- Task brief -
Return the lines of the material below exactly, beginning with the line that has "Toyota Corolla Soini - изображение 8" in it and finishing with the line that has "MegaLight LED Kinder" in it. Leave all pictures aside.

- Data for this exercise -

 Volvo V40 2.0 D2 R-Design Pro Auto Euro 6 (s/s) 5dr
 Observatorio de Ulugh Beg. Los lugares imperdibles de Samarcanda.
* * *
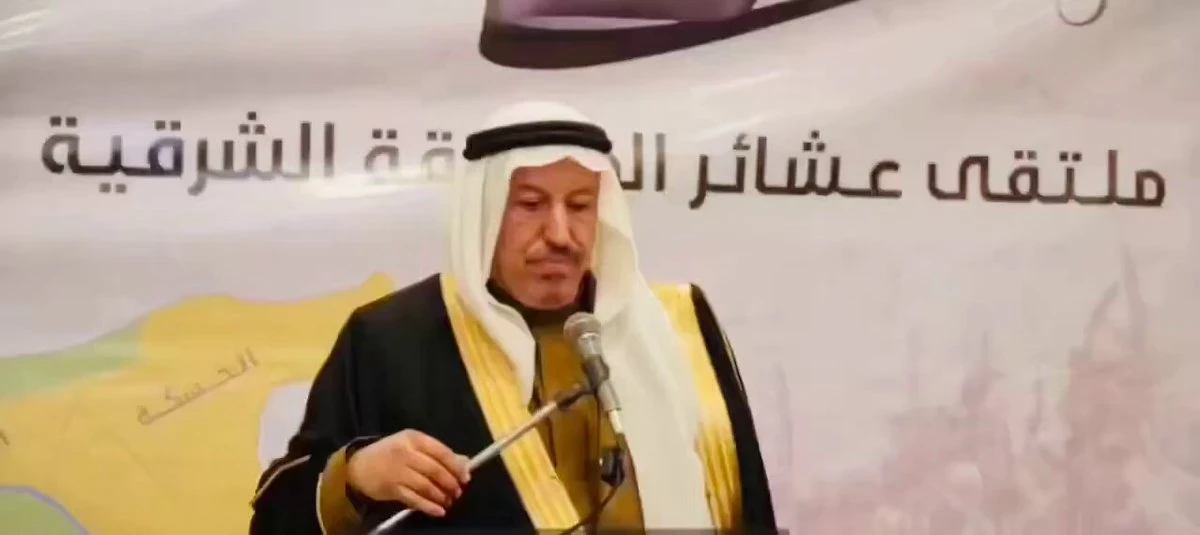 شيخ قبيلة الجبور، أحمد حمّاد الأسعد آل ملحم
...
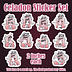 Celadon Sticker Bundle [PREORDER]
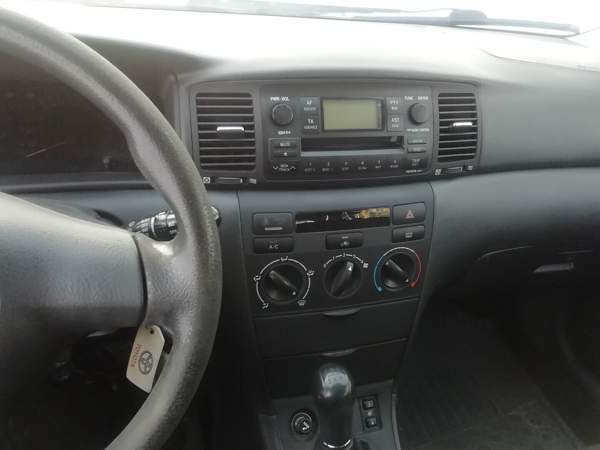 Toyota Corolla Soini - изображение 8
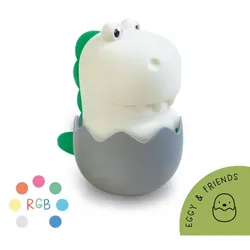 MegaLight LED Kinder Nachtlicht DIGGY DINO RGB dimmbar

- Task solution -
 Toyota Corolla Soini - изображение 8
 MegaLight LED Kinder Nachtlicht DIGGY DINO RGB dimmbar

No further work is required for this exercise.